D’autres associations et espace de rencontre : au delà du soutien

Le collectif El Manba m’aide sur plusieurs questions : j’y récupère des vêtements, je vais manger aux cantines à prix libre qu’ils organisent et parfois j’aide à préparer des repas de soutien. Il y a un collectif de personnes qui donnent des légumes et autres qui les récupèrent en fin de marché…

Je vais aussi aux permanence de l’association Afrisanté, à Noailles, qui aide beaucoup de gens. J’y vais pour avoir de l’aide pour les démarches administratives (CMU, appels au 115, …), mais aussi juste pour me reposer et boire un thé.

Et la Cimade, outre que pour le recours à la CNDA, m’a aidé pour de nombreuses démarches, comme trouver une école ou encore contacter un médecin. Ils offrent une aide réelle, et c’est rassurant d’y trouver toujours des bénévoles, souvent très âgés: on s’y sent dans des bonnes mains, on fait confiance.
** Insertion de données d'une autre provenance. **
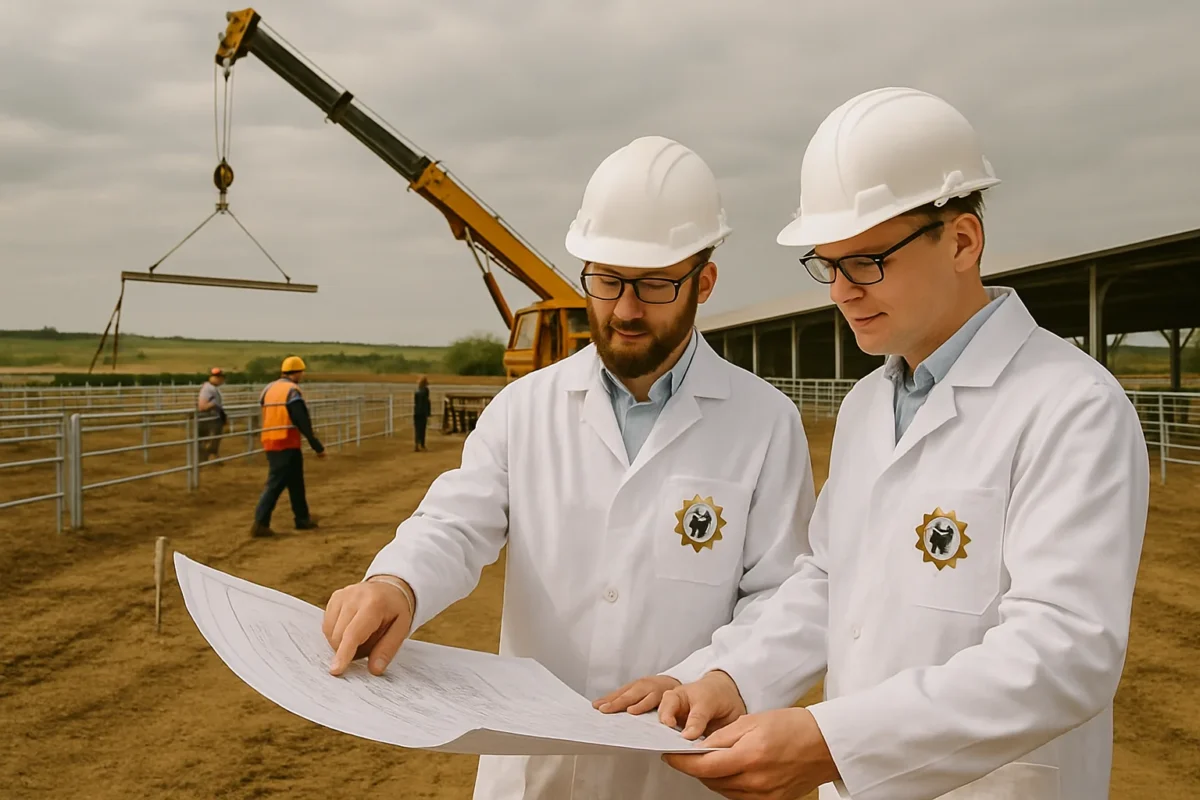 HB Agromach mühendisleri sahada proje inceliyor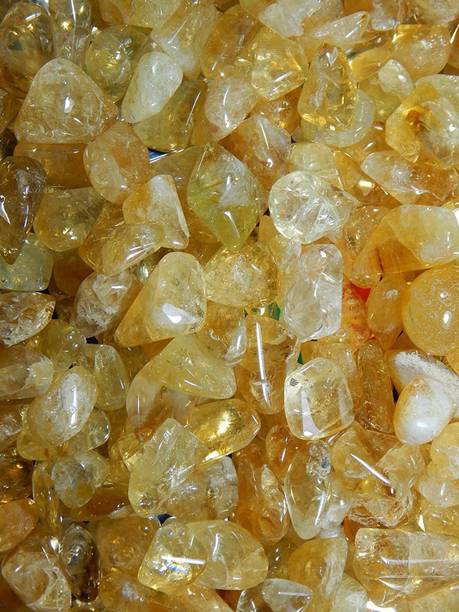 hoseki Citrine Yellow Sapphire Sunela Stone 25-30Cts st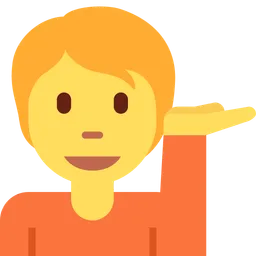 person tipping hand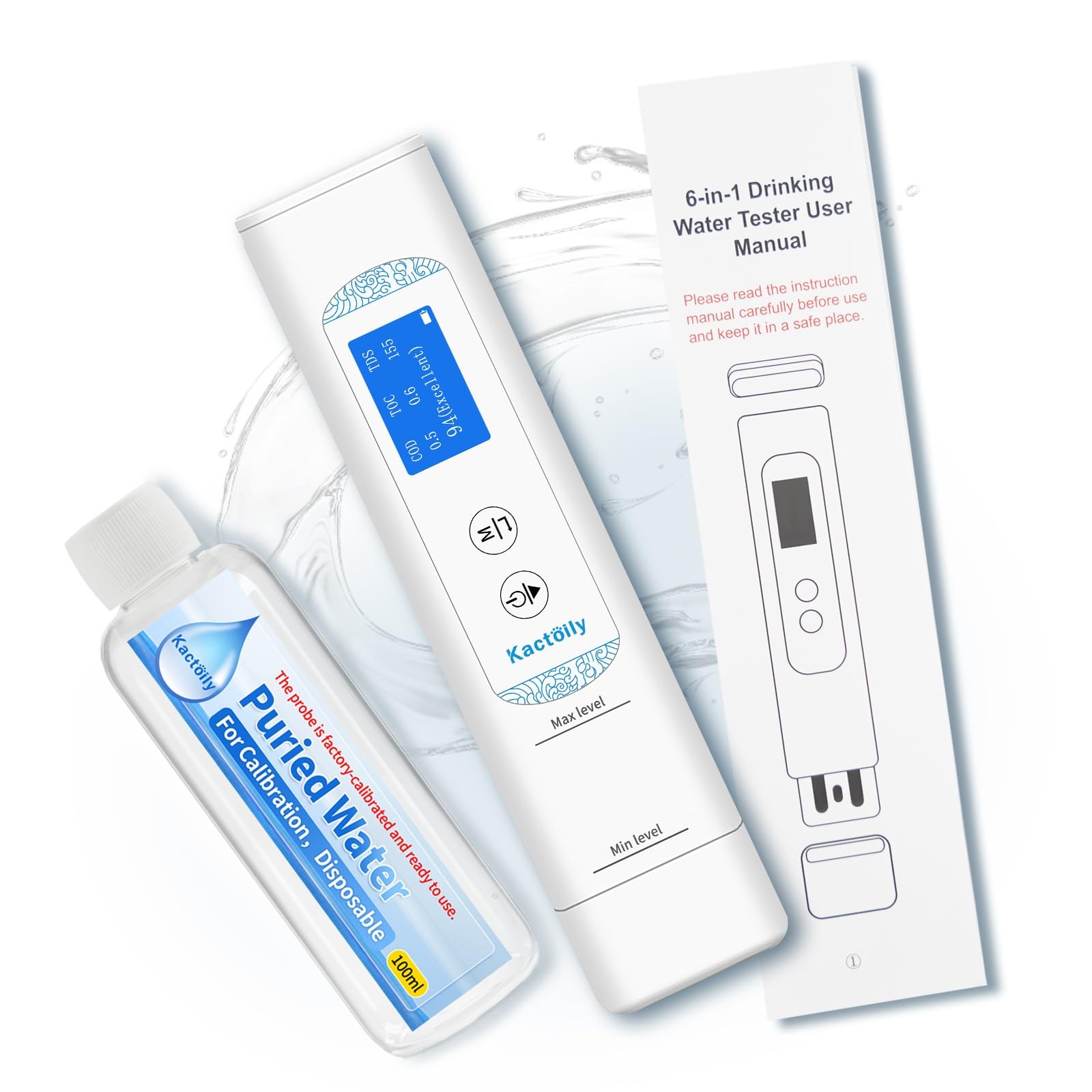 6 in 1 Digital Water Tester for Drinking Water, Lab Grade...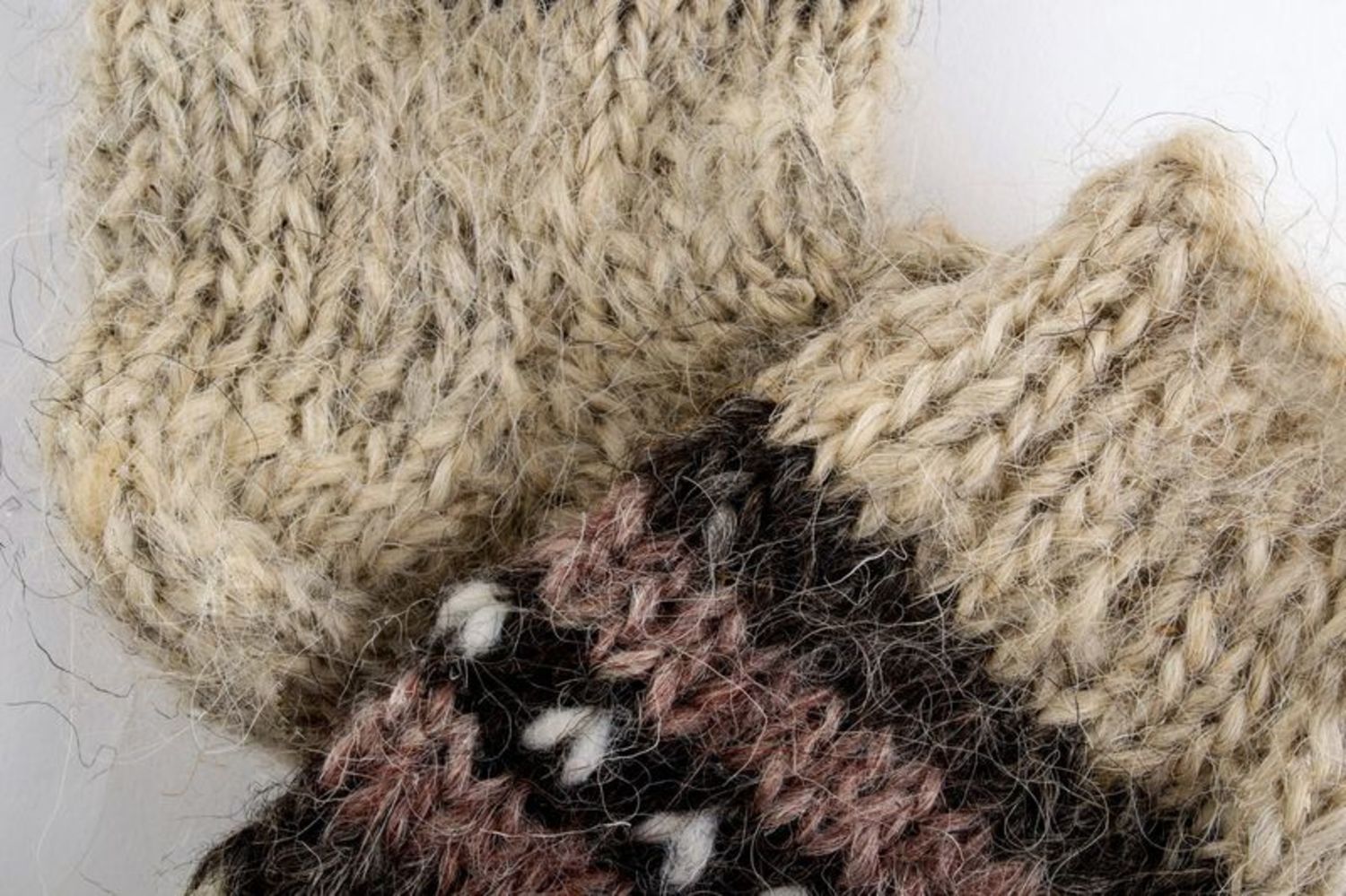 Calzini di lana per donna fatti a mano Abbigliamento da donna Calzini bianchi
 foto 3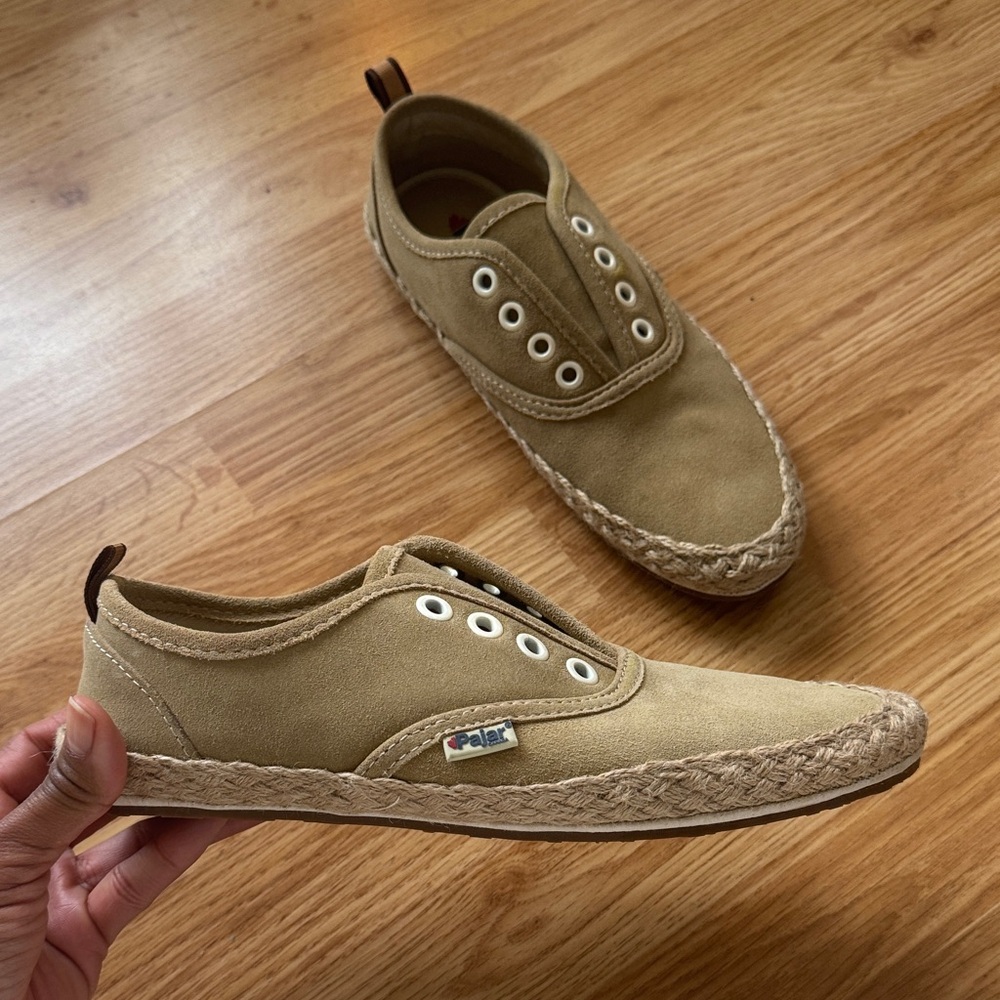 Pajar Tan Suede Sneakers - Size 42 (Fits like 10)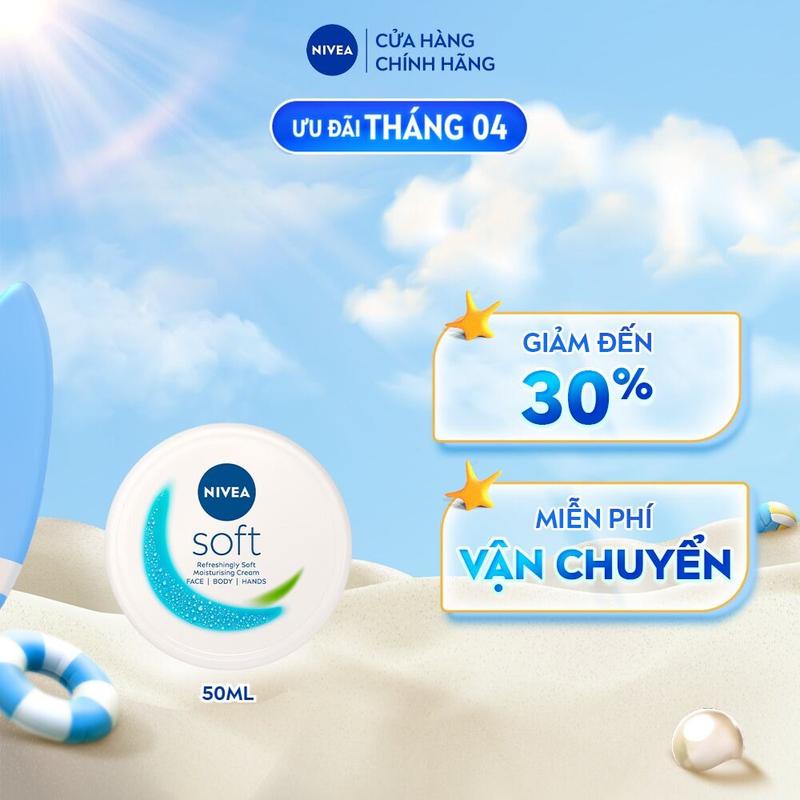 Kem Dưỡng Mềm Da NIVEA Soft (50 ml/200 ml) - 89050/89054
En enfin il y a des espaces de rencontres très importants pour moi, les seules permettant d’oublier nos respectives galères: les jeudi après-midi on se retrouve avec des copains italiens, soudanais, afghans pour boire un thé, tchatcher, jouer aux échecs, à Manifesten. C’est le seul espace où j’ai vu les européens s’ouvrir, mettre de côté leur timidité.
On y oublie d’où on vient, on laisse de côté les démarches et les ennuis bureaucratiques, on relativise et on ne pense pas aux Etats et à leurs histoires : c’est un espace où les gens fleurissent, on se croirait en famille, avec pleins d’enfants qui courent de partout.
Et d’ailleurs, c’est le meilleur espace d’intégration que j’ai connu : on y apprend plus de français qu’aux cours de langue de l’OFII, puisqu’on a envie de communiquer et on a des choses à partager!